§ **Action item**: Would you reproduce the whole listing exactly, dropping any pictures it holds?

§ **Dataset excerpt**:
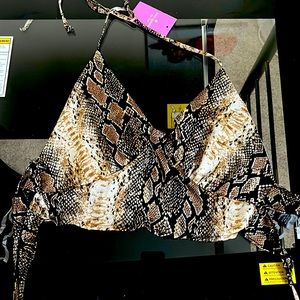 Cute Snake print tank top with open back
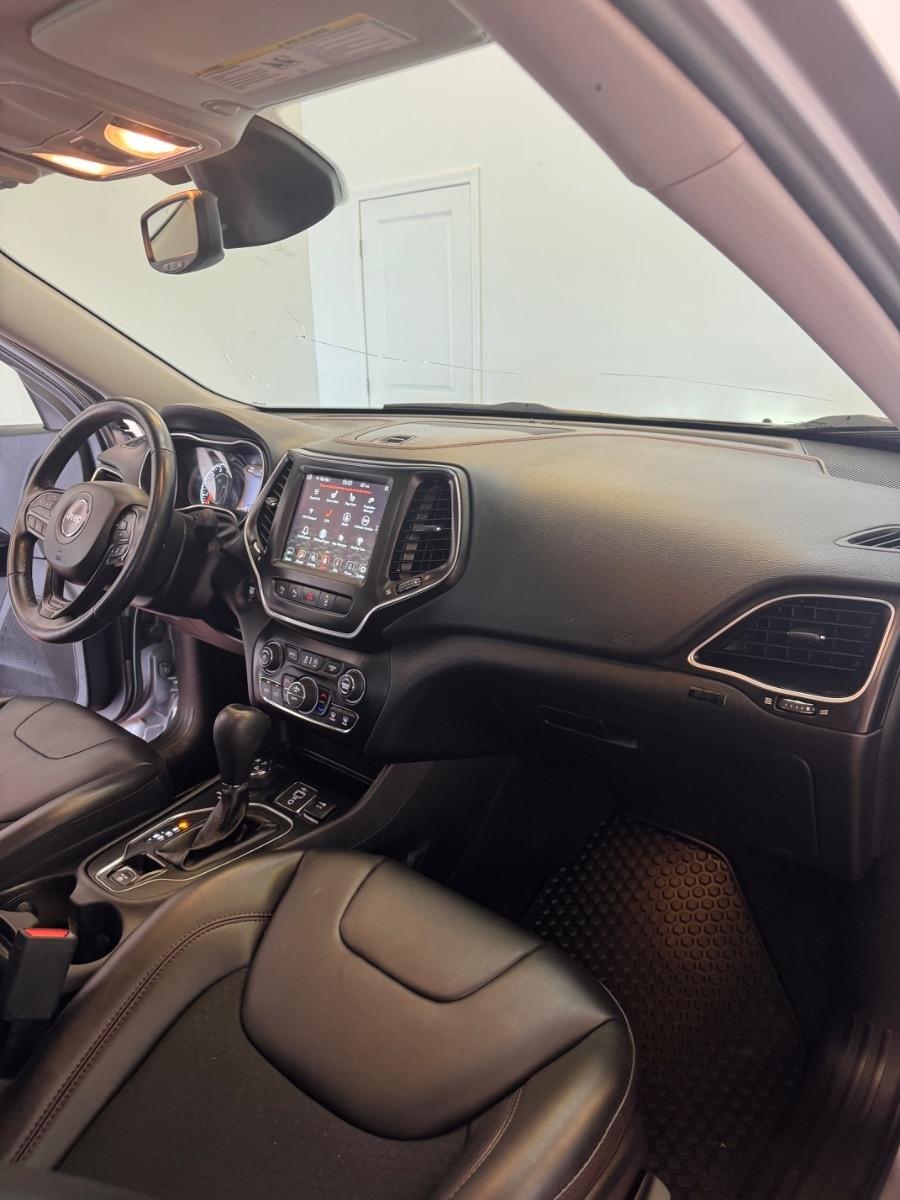 Jeep Cherokee Trailhawk 4x4 2021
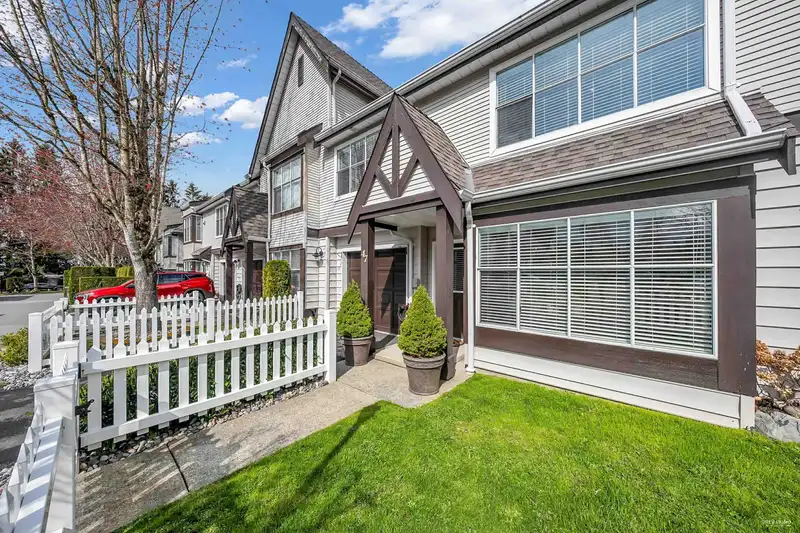 47 12099 237 STREET - photo 2 of 38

§ **Result of this task**:
 Cute Snake print tank top with open back
 Jeep Cherokee Trailhawk 4x4 2021
 47 12099 237 STREET - photo 2 of 38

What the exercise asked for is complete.